» **Exercise description**: Reproduce exactly, with no pictures, each line from the opening of the material down through the line containing "Fleurora Plus Size".

» **Data extract**:
Start of Block
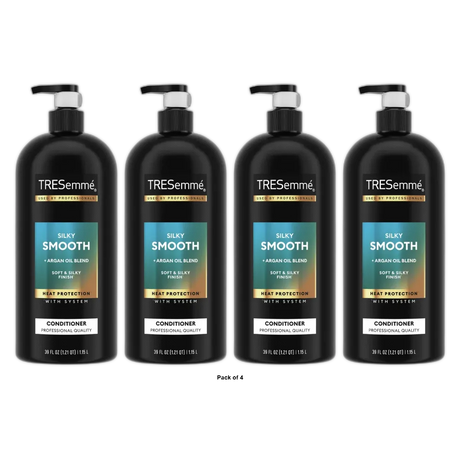 TRESemme Smooth And Silky Conditioner With Pump 39 Ounce (Pack of 4)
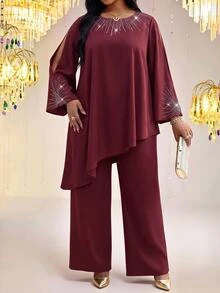 Fleurora Plus Size Women's Round Neck Long Sleeve Asymmetrical Hem Top And Pants 2 Pieces Set - Burgundy - View 4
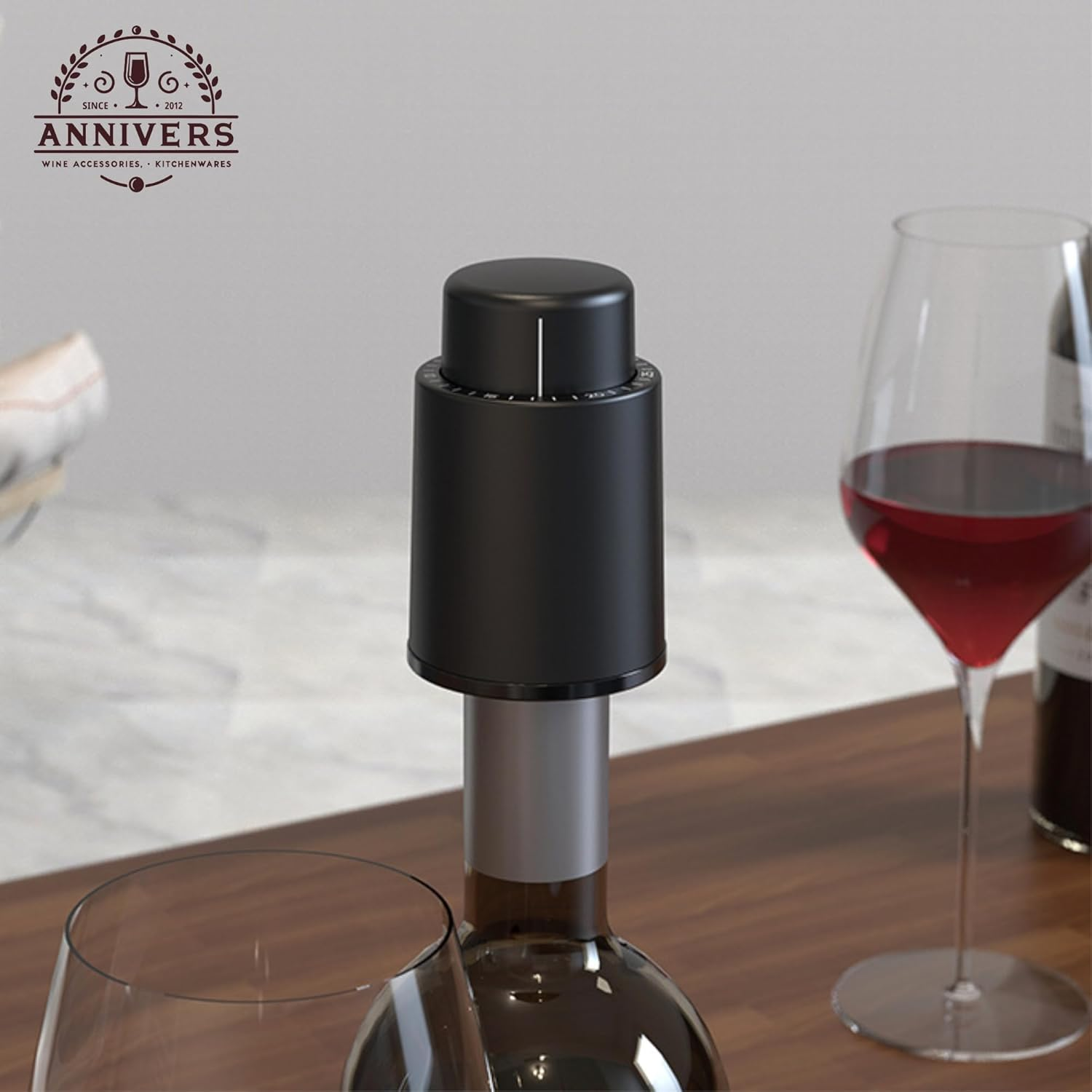 ANNIVERS [4 Pack] Vacuum Wine Bottle Stopper Wine Cork Air Pump Wine Stopper Saver Sealer, Reusable Leak Proof Silicone Seal Keep Fresh with Date Scale for All Wine Bottles, Bouchon Bouteille De Vin image number 4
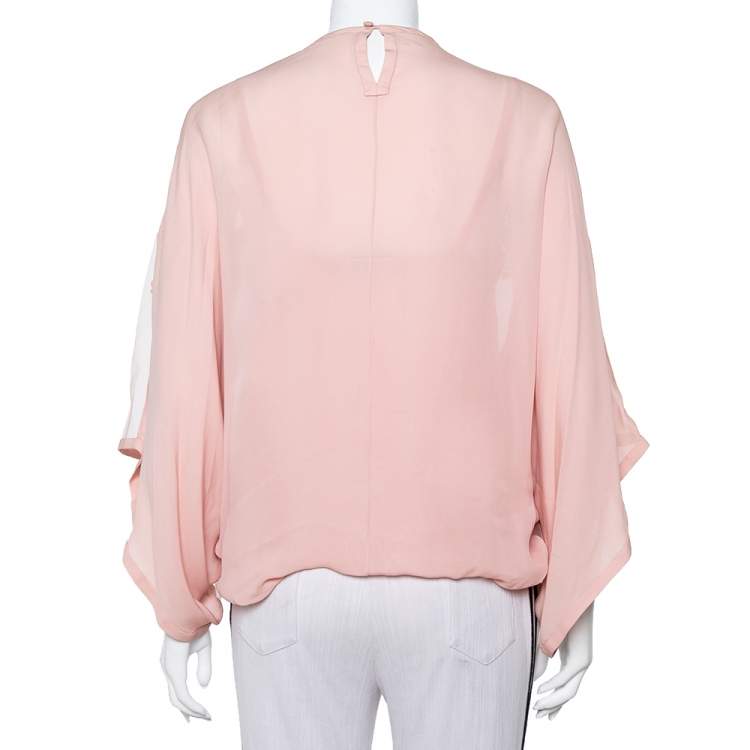 Pre Owned Elie Saab Pale Pink Semi-Sheer Sequin Embellished Oversized Top XS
End of Block
» **Output of the task**:
 TRESemme Smooth And Silky Conditioner With Pump 39 Ounce (Pack of 4)
 Fleurora Plus Size Women's Round Neck Long Sleeve Asymmetrical Hem Top And Pants 2 Pieces Set - Burgundy - View 4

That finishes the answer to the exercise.